To answer the question about the similarities between the Traco and Tracy method. They were very similar. I was tested for my kyu ranks by Tom Connor JR. then my 1st to 4th dan ranks by James Wonser a 5th dan black belt student of Al Tracy.  James Wonser had also trained under Bruce Juchnik.  Only a minor difference could be seen between the way Al Tracy taught Kenpo and what Traco was teaching. The big difference was between what Bruce Juchnik taught and what Al Tracy taught. By the time I began to train with Wonser had abandoned the teachings of Tracy for Juchnik.  Wonser and I were also students of Shihan Rocky Rolph founder of Tsuru Michi Ju jitsu. Wonser taught the Kempo Kata to Rolph as well.  So what makes Traco and Tracy similar? Traco and Tracy Kenpo were both sloppy. Maybe all the claims about Parker and Tracy not being real black belts have some merit.


----------



## Hickory Cane (Oct 29, 2016)

I was the manager of the Traco headquarters, in Phoenix. I trained directly under Tom Connor I, and under his son, when the father succumbed to Lou Gehrig's. The "histories" of Tom Connor come from me. Connor would give some little scrap of information - mostly ******** - and I would elaborate it into a larger story. I was not trying to lie: I was seriously effected by hero worship. Connor was an incredible salesman, and I bought his lies. 
Here's what I now believe: Connor won the Golden Gloves, as a boy. His first martial art training came under the Tracy brothers. Ed Parker promoted Connor to 3rd black in the early 60s; I've held the diploma. Somewhere, he learned some Filipino stick fighting: his son could spar with double sticks very well. What else he learned in the San Francisco area is open to conjecture. His widow would know, but I'm sure she won't tell.
Ray Fisher and Peter Hill can corroborate this; others can, but they are not active, and I don't want to bother them.
I am active in other martial arts, not Kenpo, but I hate to see people repeating long-dead ******** - which I helped create.
Good luck in your training.


----------



## Touch Of Death (Oct 29, 2016)

Ender said:


> I am so confused over the Tracy thing. were they students of Ed Parker?...why did they split?...do they claim some sort of title in kenpo..I have no clue here.

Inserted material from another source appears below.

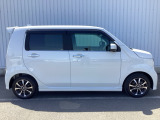 車両状態証明書付き車両です。車両状態を検査員が評価をし、結果を点数で表示しております。1台1台プロの目で事細かにチェックしている車両ですので、ご安心してお買い求めしていだけます。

They claim Ed Parker got them started, in a new and fascinating art, but then sought further training from various sources.


----------



## SenseiHitman (Nov 8, 2016)

Hickory Cane said:


> I was the manager of the Traco headquarters, in Phoenix. I trained directly under Tom Connor I, and under his son, when the father succumbed to Lou Gehrig's. The "histories" of Tom Connor come from me. Connor would give some little scrap of information - mostly ******** - and I would elaborate it into a larger story. I was not trying to lie: I was seriously effected by hero worship. Connor was an incredible salesman, and I bought his lies.
> Here's what I now believe: Connor won the Golden Gloves, as a boy. His first martial art training came under the Tracy brothers. Ed Parker promoted Connor to 3rd black in the early 60s; I've held the diploma. Somewhere, he learned some Filipino stick fighting: his son could spar with double sticks very well. What else he learned in the San Francisco area is open to conjecture. His widow would know, but I'm sure she won't tell.
> Ray Fisher and Peter Hill can corroborate this; others can, but they are not active, and I don't want to bother them.
> I am active in other martial arts, not Kenpo, but I hate to see people repeating long-dead ******** - which I helped create.
> Good luck in your training.



Mr Hickory Cane, I am sure we have meet before.  I started training at the mesa dojo under Peter Hill as a teenager in the mid 1980s and I was an instructor there till it closed in the late 1990s. After which I ran my own commercial dojo for several years before moving it to my backyard (I still hold class their).   Anyway what you say is true about the Connors they were great salesman.  I was so impressed by Tom Connor Jr when I first signed up. I was just a young teenager and TC 2 was a big strong man who looked like he would like forever.  They had a mighty empire back in the day, made up of several profiting dojos and as you remember TC 2 had a fancy sports car.  We were all so eager to be karate bums for their profit. Yes we worked cheap but looking back on it at least I was in shape and had my karate dreams (all I wanted then to manage one of their dojos so I could train all day).   Wow!!  I have not thought much about this for a long time..   Thanks for posting I know we have meet and I suspect you know who I am.


----------